Without knowing the locality of which
you will be made the representative, it is expedient
that you should from the present moment, make known
your political opinions and your intention of becoming
a candidate for election. But I cannot too strongly
insist on your keeping secret the communication now
made to you; at any rate as much as your patience
will allow. Leave my agent in peace, and await
the slow and quiet development of the brilliant future
to which you are destined, without yielding to a curiosity
which might, I warn you, lead to great disasters.
If you refuse to enter my plans, you will
take from yourself all chance of ever penetrating
a mystery which you have shown yourself so eager
to understand. But I do not admit even the supposition
of your resistance, and I prefer to believe in your
deference to the wishes of a father who will regard
it as the finest day of his life when at last it
be granted to him to reveal himself to his son.
P.S. Your statue, which is intended
for a convent of Ursuline nuns, must be in white
marble. Height: one metre seven hundred and
six millimetres; in other words, five feet three
inches. As it will not be placed in a niche,
you must carefully finish all sides of it.
The costs of the work are to be taken out of the two
hundred and fifty thousand francs mentioned above.
This letter chilled and pained me.
In the first place, it took from me a hope long cherished,—that
of recovering a mother as loving as yours, of whose
adorable tenderness, dear friend, you have so often
told me. After all, it was a half-light thrown
upon the fogs of my life without even allowing me
to know whether I was or was not the child of a legitimate
marriage. It also seemed to me that such paternal
intimations addressed to a man of my age were much
too despotic and imperious.
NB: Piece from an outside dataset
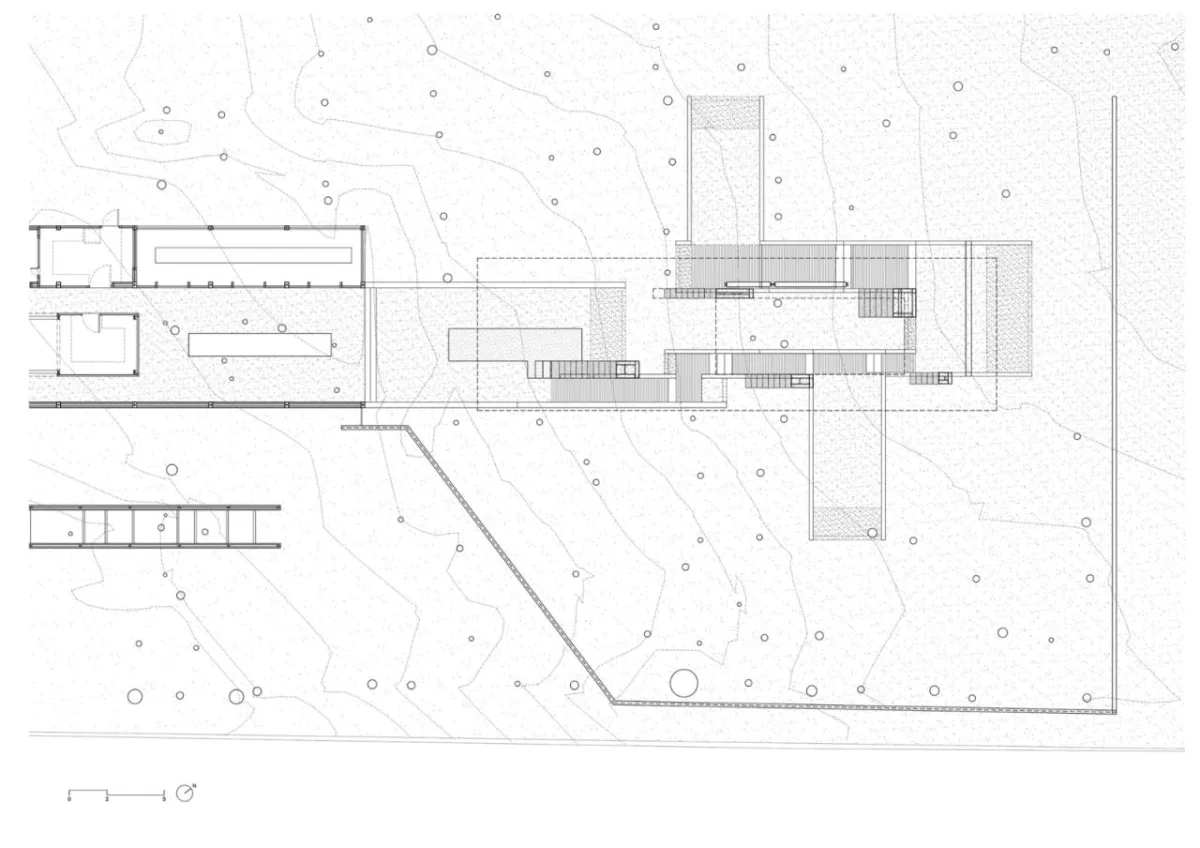 BIM建筑|黄之迷你咖啡厅 / JOYS Architects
Was it not a strange
proceeding to change my whole life as if I were a
boy just leaving school! At first I employed
to myself all the arguments against this political
vocation which you and my other friends have since
addressed to me. Nevertheless curiosity impelled
me to go the Mongenods’; and finding there, sure
enough, in actual, living money, the two hundred and
fifty thousand francs announced to me, I was led to
reason in another way.
I reflected that a will which began
by making such an outlay must have something serious
in it. And inasmuch as this mysterious father
knew all and I nothing, it seemed to me that to enter
on a struggle with him was neither reasonable nor
opportune. In fact, had I any real repugnance
to the career suggested to me? No. Political
interests have always roused me to a certain degree;
and if my electoral attempt should come to nothing,
I could always return to my art without being more
ridiculous than the other still-born ambitions which
each new legislature produces.
Accordingly, I have bought the necessary
piece of property, and made myself a shareholder in
the “National.” I have also made the
Saint-Ursula, and am now awaiting instructions, which
seem to me rather long in coming, as to her actual
destination. Moreover, I have made known my parliamentary
ambition, and the fact that I intend to stand in the
coming elections.
I need not ask you to preserve the
utmost secrecy about my present confidence. Discretion
is a virtue which you practise, to my knowledge, in
too signal a manner to need any exhorting thereto from
me. But I am wrong, dear friend, in making these
unkind allusions to the past, for at this moment I
am, more perhaps than you know, the obliged party.
Partly out of interest in me, but more because of the
general aversion your brother-in-law’s extreme
haughtiness inspires, the democratic party has flocked
to my door to make inquiries about my wound, and the
talk and excitement about this duel have served me
well; there is no doubt that my candidacy has gained
much ground. Therefore, I say, a truce to your
gratitude; do you not see how much I owe to you?